There are ways, however, of dealing with our need for the “light” of a reduced population to help restore our planet to sustainability without suffering the full “tunnel” of a turmoil caused by a too rapid population drop.

The authors of the “Long Slide” article explain that people still want to have children but often “face too many obstacles.”   They cite the story of Anna Parolini, who left her small town in Northern Italy to find a better job in Milan. Her salary of under 2,000 euros a month is not enough to raise a child without parents nearby. She is 37, and says that “thinking of having a child now would make me gasp.”

            Anna, and many like her in other “advanced” countries like the USA, could benefit from free day care (or a higher salary) which would allow her to have children and more security and hope, perhaps even a better job. Then she might be able to pay taxes, some of which could help us better adapt within our current tunnel of climate change.

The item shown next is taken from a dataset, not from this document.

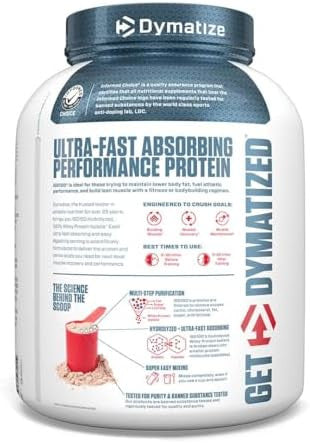 Dymatize Nutrition Iso 100 Whey Protein Powder Gourmet Chocolate 5 Pound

            Some of my Republican friends call such a “gift” socialism. So far employers in places like the United States, Australia, and Canada have been able to make up for the population decline (especially among white people) with immigrant labor from other countries.

            Yet those who confuse socialism with democratic social welfare programs that promote a stronger, healthier country economy are also the ones who want to reduce immigration. Go figure?

            We can address climate change by promoting equity and hopefulness among citizens that might slow the inevitable population drop just enough to allow our economy and society to adjust as we move through our tunnel?  

            Maybe that is what President Joe Biden has in mind.